I tend to agree with Steve. Given how quickly business mask mandates collapsed once the government ones were rescinded, if the federales drop the mandate, I think you’ll see the airlines drop theirs in fairly short order. It’s the feds actually dropping the mandate that I’m skeptical of. Gotta keep those masks on between sips of Coke to slow the spread of the flu this upcoming flu season and protect the kids from variants, after all.
Oh I don’t think they will extend it. I actually believe that, had the CDC guidance from mid-May come out 4 weeks earlier, they probably would have let the original mandate expire. It was the airlines (at the behest of the unions) that lobbied for the extension.
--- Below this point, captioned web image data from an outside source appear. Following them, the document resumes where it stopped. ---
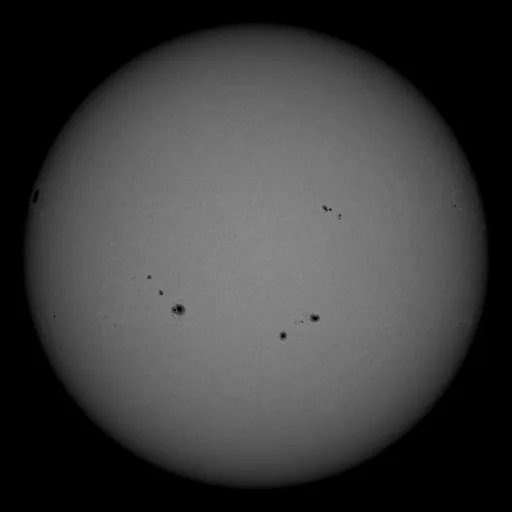 Solar Photosphere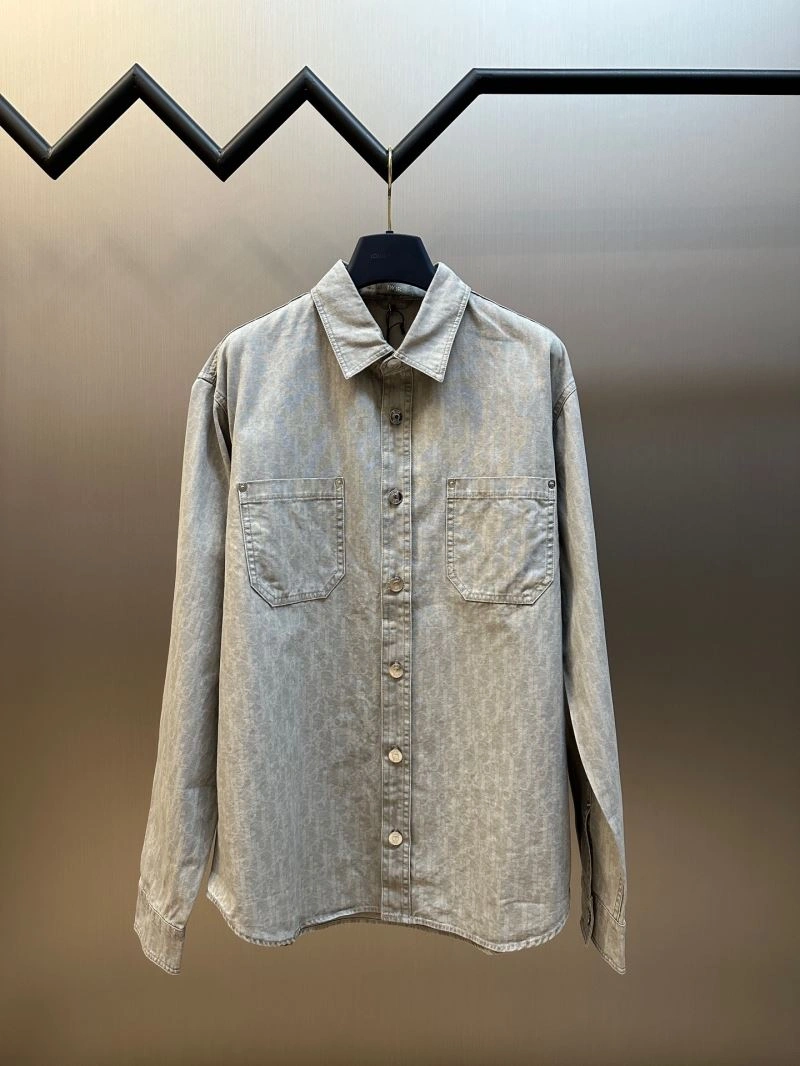 Tailored Christian Dior Shirts 117514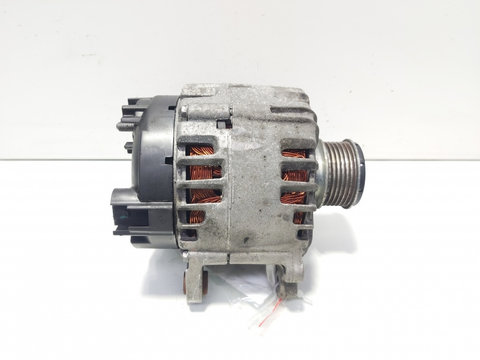 Alternator 140A, Valeo, cod 03L903023F, Vw Golf 6 Plus, 2.0 TDI, CBD (id:634334)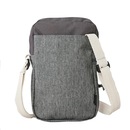 Shoulder Bag Rip Curl Slim Pouch Classic Surf Grey Heather - Foto 2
I think that the administration would prefer to lift it now, but doing so would make them look weak. It’s obvious from their own testimony in congress that there’s really no scientific data that justifies this, but the FA unions want it and backing down now would justifiably look like they are bowing to public pressure. That’s why I strongly believe they’ll stay the course and let it expire in September. I think there’s sufficient cover (the Delta variant, etc.) to do so, and it more or less preserves their image and labor peace.
Unless vaccinated people start dying or getting seriously ill in LARGE numbers (I don’t count anecdotal stories or nursing home patients here), there’s just no way that this mandate gets renewed again. I think this administration really wants to great mask mandate debate to just go away once and for all. It sure seems that outside of California, most of the public does.
Frankly, given how much paperwork we have handed over to airlines, I think they should just enforce a “no mask for (confirmed) vaccinated.” Fair for passenger, safe(r) for crews, and low-risk for airlines.